HSC 2015 MX2 Marathon (archive) (2 Viewers)

FrankXie · Jan 30, 2015

Re: HSC 2015 4U Marathon

Drsoccerball said:
still left mine unanswered

I knew that, just want more people get involved. here is my go:
$z^2=a^2(\cos2\theta+i\sin2\theta), z^2+a^2=a^2[(1+\cos2\theta)+i\sin2\theta]=a^2(2\cos^2\theta+2i\sin\theta\cos\theta)=2a^2 \cos \theta (cos\theta+i\sin\theta), \therefore\quad\frac{z}{z^2+a^2}=\frac{a{\rm cis}\theta}{2a^2\cos\theta{\rm cis}\theta}=\frac{1}{2a\cos\theta}$

FrankXie · Jan 30, 2015

Re: HSC 2015 4U Marathon

NEXT QUESTION

$$ Find the greatest value of $ |z| $ if the complex number $ z $ satisfies $ \left|z-\frac{4}{z}\right|=8.$

Drsoccerball · Jan 31, 2015

Re: HSC 2015 4U Marathon

FrankXie said:
I knew that, just want more people get involved. here is my go:
$z^2=a^2(\cos2\theta+i\sin2\theta), z^2+a^2=a^2[(1+\cos2\theta)+i\sin2\theta]=a^2(2\cos^2\theta+2i\sin\theta\cos\theta)=2a^2 \cos \theta (cos\theta+i\sin\theta), \therefore\quad\frac{z}{z^2+a^2}=\frac{a{\rm cis}\theta}{2a^2\cos\theta{\rm cis}\theta}=\frac{1}{2a\cos\theta}$

Very short and effective method mine was a bit shifty here it is: $z=acis\theta \\ \frac{1}{2acos\theta} \frac{z}{z} = \frac{z}{2azcos\theta} \\ = \frac{acis\theta}{2a^{2}cis\theta cos\theta} \\ = \frac{acis\theta}{(a^{2})(2cos^{2}\theta +2isin\theta cos\theta)} \\ = \frac{acis\theta}{(a^{2})(cos2\theta +1))} =RHS$

Drsoccerball · Jan 31, 2015

Re: HSC 2015 4U Marathon

FrankXie said:
NEXT QUESTION

$$ Find the greatest value of $ |z| $ if the complex number $ z $ satisfies $ \left|z-\frac{4}{z}\right|=8.$

Ill try this even though have no idea since no ones attempting..
$|z^2-4|=8|z| \\ \therefore \frac{|z^2 -4|}{8}=|z| \\ \therefore \text{max would be at 1/4?}$

Ekman · Jan 31, 2015

Re: HSC 2015 4U Marathon

FrankXie said:
NEXT QUESTION

$$ Find the greatest value of $ |z| $ if the complex number $ z $ satisfies $ \left|z-\frac{4}{z}\right|=8.$

Im going to give this a shot:

$\left|z-\frac{4}{z}\right|=8 \\* \therefore \left|z^2-4|\right = 8|z| \\* -z^2 +8z+4=0 \\* \therefore $max at z=4$ \\ $Rearrange the original equation:$\frac{|z^2-4|}{8} = |z| \\* \therefore |z| = \frac{3}{2}$

braintic · Jan 31, 2015

Re: HSC 2015 4U Marathon

FrankXie said:
NEXT QUESTION

$$ Find the greatest value of $ |z| $ if the complex number $ z $ satisfies $ \left|z-\frac{4}{z}\right|=8.$

A Geogebra sketch tells me that the locus defined by that equation is a pair of ellipses centred at the origin whose major axes are perpendicular to each other, and that the approximate answer is 8.47
I haven't done the algebra, so I don't know the exact answer.

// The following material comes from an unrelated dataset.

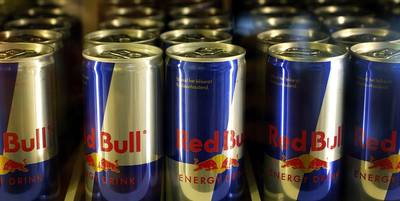 Dieven stelen voor bijna miljoen 
euro aan blikjes Red Bull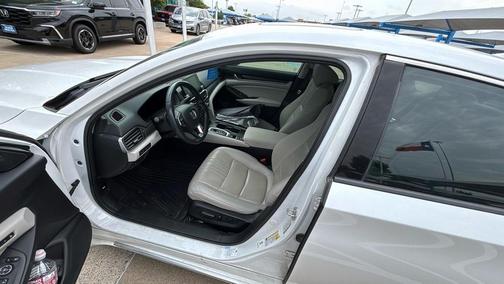 2020 Honda Accord Hybrid Touring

Drsoccerball · Jan 31, 2015

Re: HSC 2015 4U Marathon

braintic said:
A Geogebra sketch tells me that the locus defined by that equation is a pair of ellipses centred at the origin whose major axes are perpendicular to each other, and that the approximate answer is 8.47
I haven't done the algebra, so I don't know the exact answer.

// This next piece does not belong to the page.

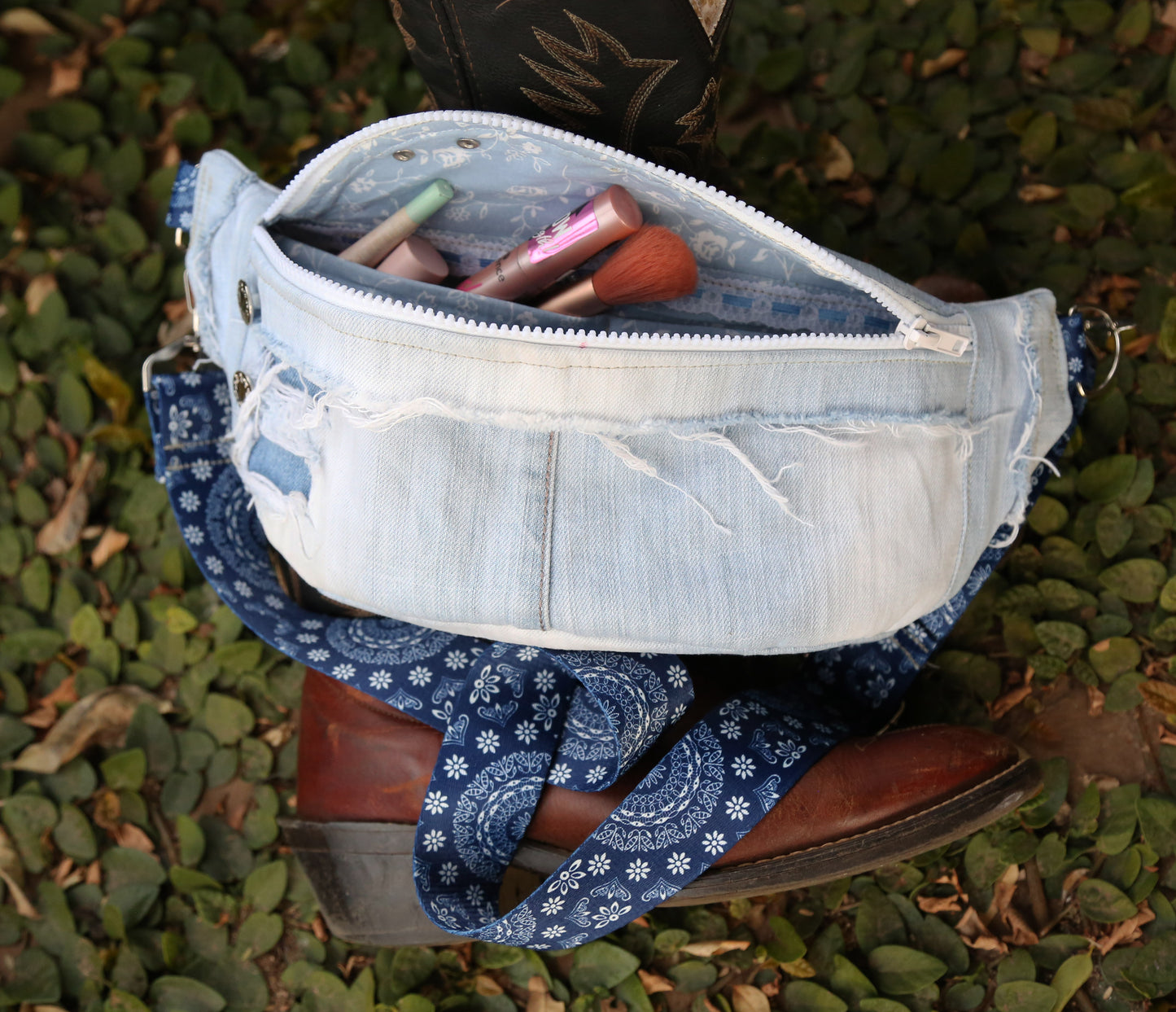 CROSS BODY BAG - WESTERN DENIM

Well that's great didn't even learn it yet :/
$\text{The equation} x^4 - px^3 +qx^2 -rx+s=0 \text{has roots} \alpha , \beta , \gamma, \delta. \text{show that:} \\ \text{if} \alpha + \beta = \gamma +\delta \text{,then} p^3 -4pq +8r =0$

braintic · Jan 31, 2015

Re: HSC 2015 4U Marathon

Drsoccerball said:
Well that's great didn't even learn it yet :/

That Geogebra sketch was just for me to get a visual on whether the answers offered so far are correct.
I still haven't attempted the question, so I can't rule out the possibility that there is another way to do the question without knowing that locus.

FrankXie · Jan 31, 2015

Re: HSC 2015 4U Marathon

FrankXie said:
NEXT QUESTION

$$ Find the greatest value of $ |z| $ if the complex number $ z $ satisfies $ \left|z-\frac{4}{z}\right|=8.$

Hint: Use the triangle inequality about complex numbers and solve an inequation to get |z|<= something.

VBN2470 · Jan 31, 2015

Re: HSC 2015 4U Marathon

FrankXie said:
I knew that, just want more people get involved. here is my go:
$z^2=a^2(\cos2\theta+i\sin2\theta), z^2+a^2=a^2[(1+\cos2\theta)+i\sin2\theta]=a^2(2\cos^2\theta+2i\sin\theta\cos\theta)=2a^2 \cos \theta (cos\theta+i\sin\theta), \therefore\quad\frac{z}{z^2+a^2}=\frac{a{\rm cis}\theta}{2a^2\cos\theta{\rm cis}\theta}=\frac{1}{2a\cos\theta}$

Alternate Solution

$$Since$\ z = a(\cos\theta + i\sin\theta) \Rightarrow |z|=a \Rightarrow |z|^2=a^2 \Rightarrow z\bar{z}=a^2. \\ \therefore \frac{z}{z^2+a^2}=\frac{z}{z^2+z\bar{z}}=\frac{1}{z+\bar{z}}=\frac{1}{2a\cos\theta}$

Ekman · Jan 31, 2015

Re: HSC 2015 4U Marathon

braintic said:
A Geogebra sketch tells me that the locus defined by that equation is a pair of ellipses centred at the origin whose major axes are perpendicular to each other, and that the approximate answer is 8.47
I haven't done the algebra, so I don't know the exact answer.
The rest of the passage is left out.